Cavalier: StarDate 3/3, pp.181-184, author C. W. Hess, illustrator tbd. Inventive Ordnance article. Originally weighed 600 tons, had to be changed to conform to AT2 rules.  Stats otherwise identical, with the following exceptions: COURIER: (but not the transport) only carried 1 ton of ammo for each LRM launcher; doubled that to conform to AT2 requirement of 10+ shots per weapon; miraculously, the cargo tonnage remained the same. TRANSPORT: originally had 230 tons of cargo, separated into the two bays (150 and 80). However, it also stated that this space could contain up to 16 (!) light vehicles. Using the current rules, the available 242 tons cargo space became 4 light vehicles and 42 tons of cargo. Correspondingly, the following changes were undertaken in the text:
  changed tonnage from
600 to 800, 1st paragraph of "Description"
  changed tonnage from
100 to 200, 6th paragraph of "Description" (Small Craft Bay)
changed 150 tons of equipment to 4 light vehicles, 7th paragraph of "Description"
  changed tonnage from
80 to 40, 8th paragraph of "Description" (an exact tonnage of 42 would have been unrealistic in the write-up)

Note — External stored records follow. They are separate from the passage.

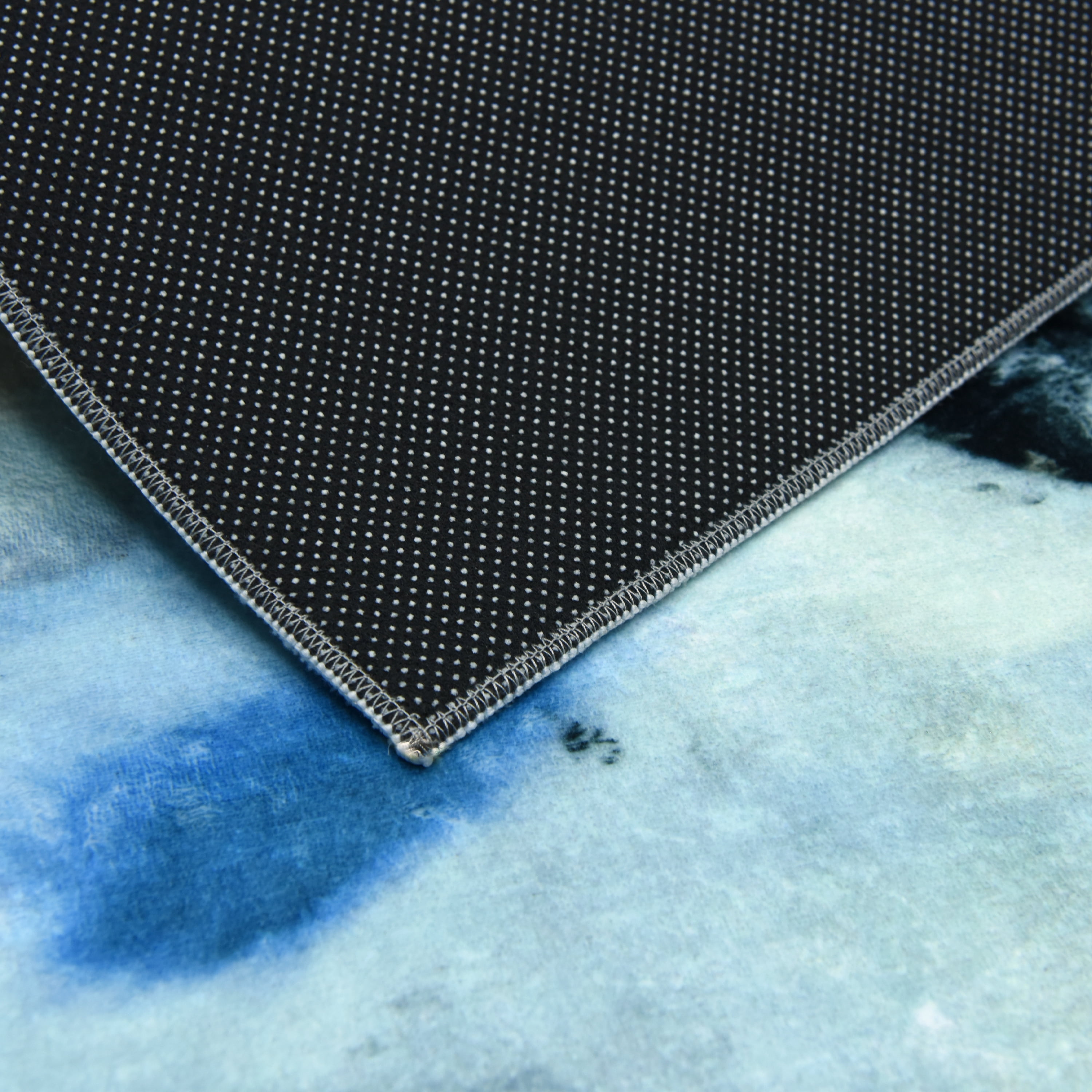 Floating Stars, 8'x10' Hand Washable Abstract Art Area Rug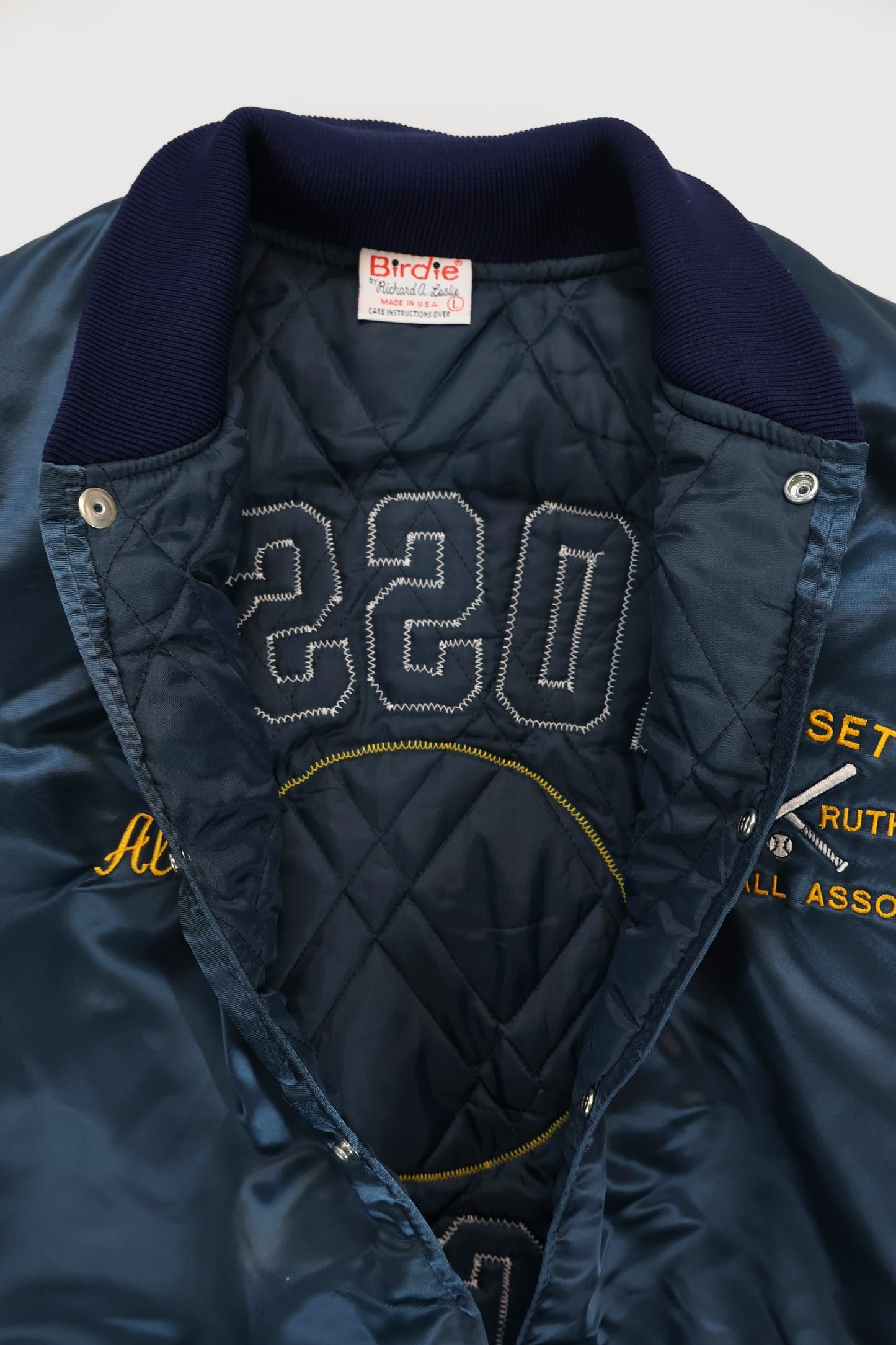 Vintage 1994 Nassau County Champions Snap Button Jacket Image 3
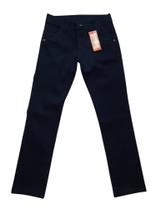 Calca Jeans Preta Infantil Juvenil Masculina Meninos C/lycra (3095)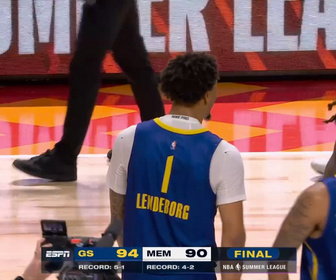 Replay NBA : Golden State remporte la Summer League 2026 !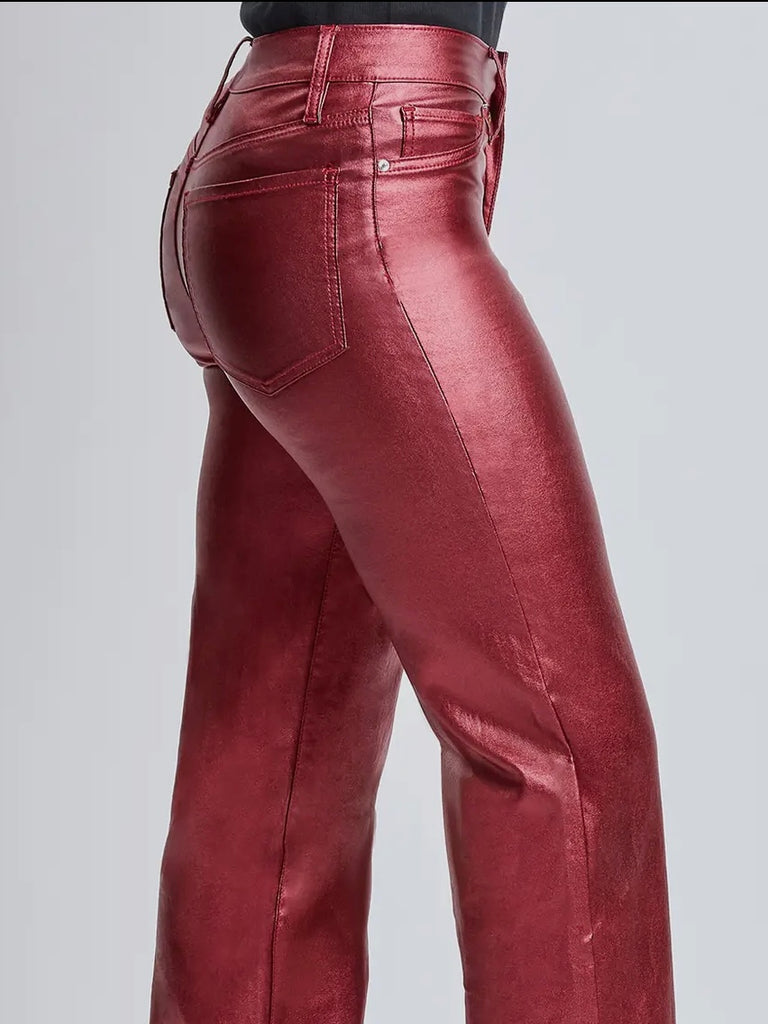 Ella Metallic High-Rise - Wine Sparkle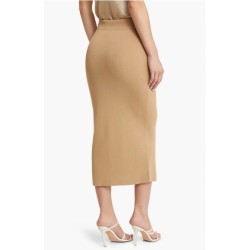 Rib Pencil Skirt,In Stock Size XL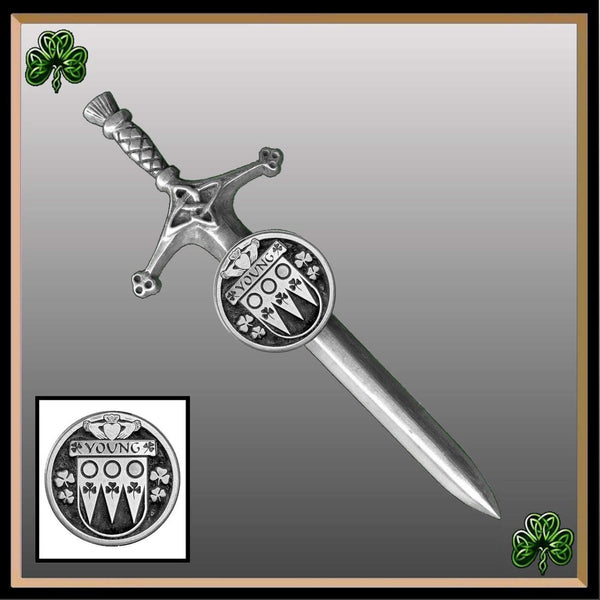 Young Irish Coat of Arms Disk Kilt Pin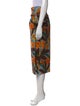 Max Mara Printed Midi Length Skirt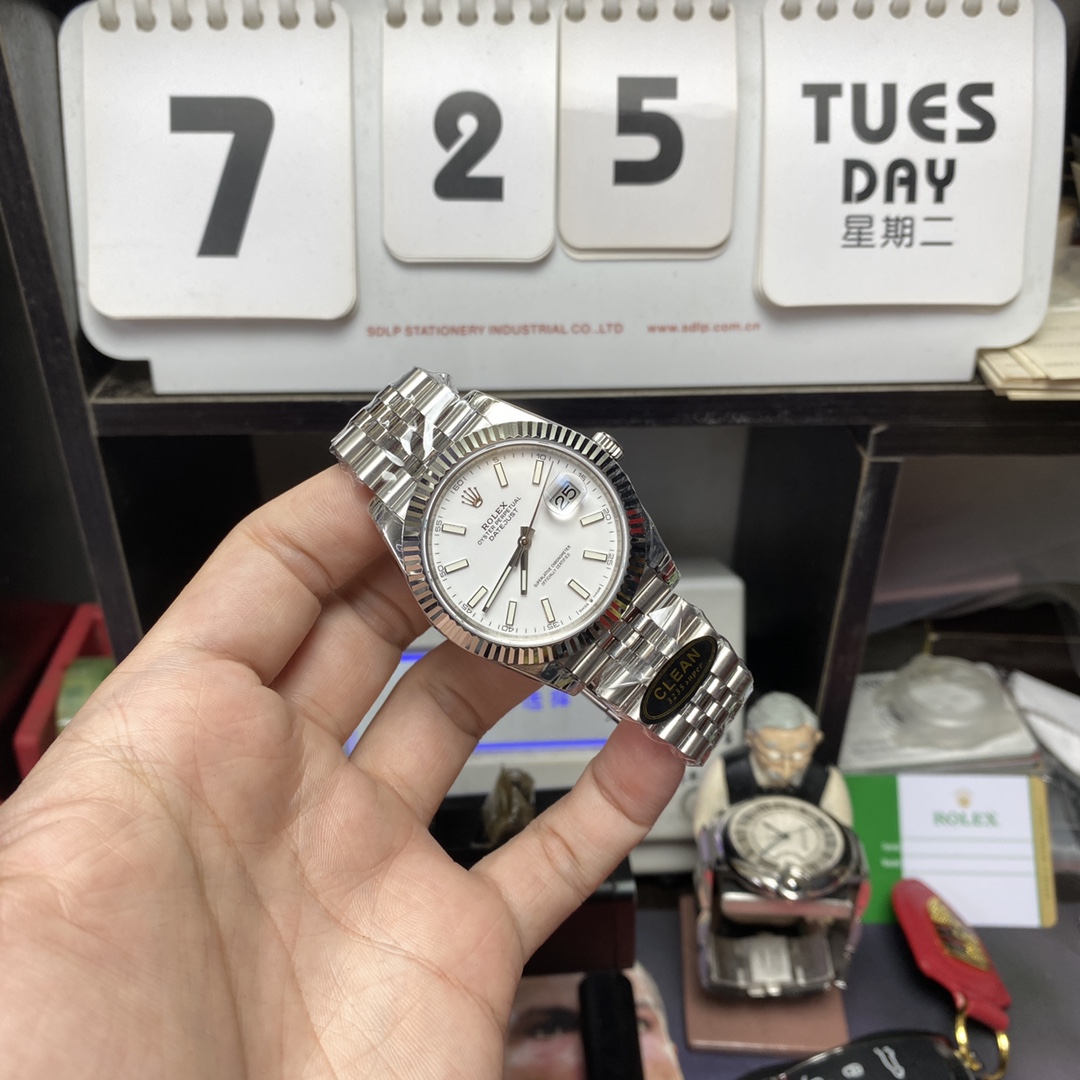 Rolex Datejust series m126334-0010.Silver Dial Five-Piece Link Bracelet,41mmsize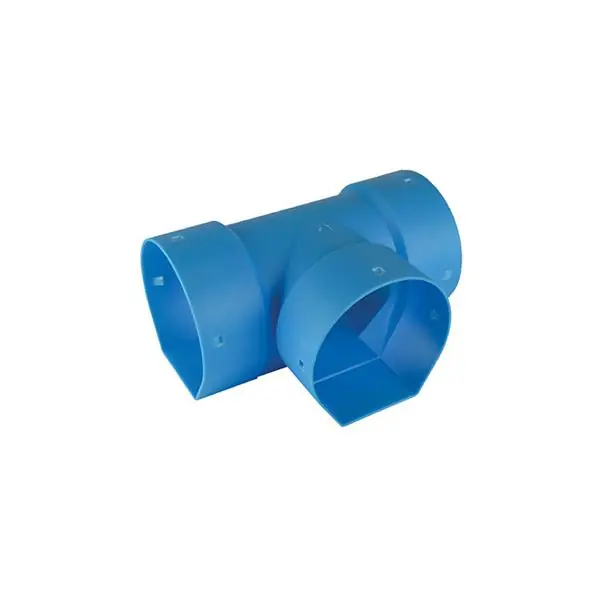 Té pour drain routier à cunette plate Ø110 femelle-femelle 90° Super Prix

  changed a pair of light ground vehicles to a light ground vehicle, 3rd paragraph "Notable Ships" (all that would fit)
AT1 armour allocation: Nose-90, Wings-75, Fuselage-140, Engine-100.

Ship quirk:
In fact, the compartment is so crowded that there is only enough room for two sets of weapons targeting controls, meaning weapons may only be targeted and fired from two arcs per turn. Cut from 12th paragraph of "Description".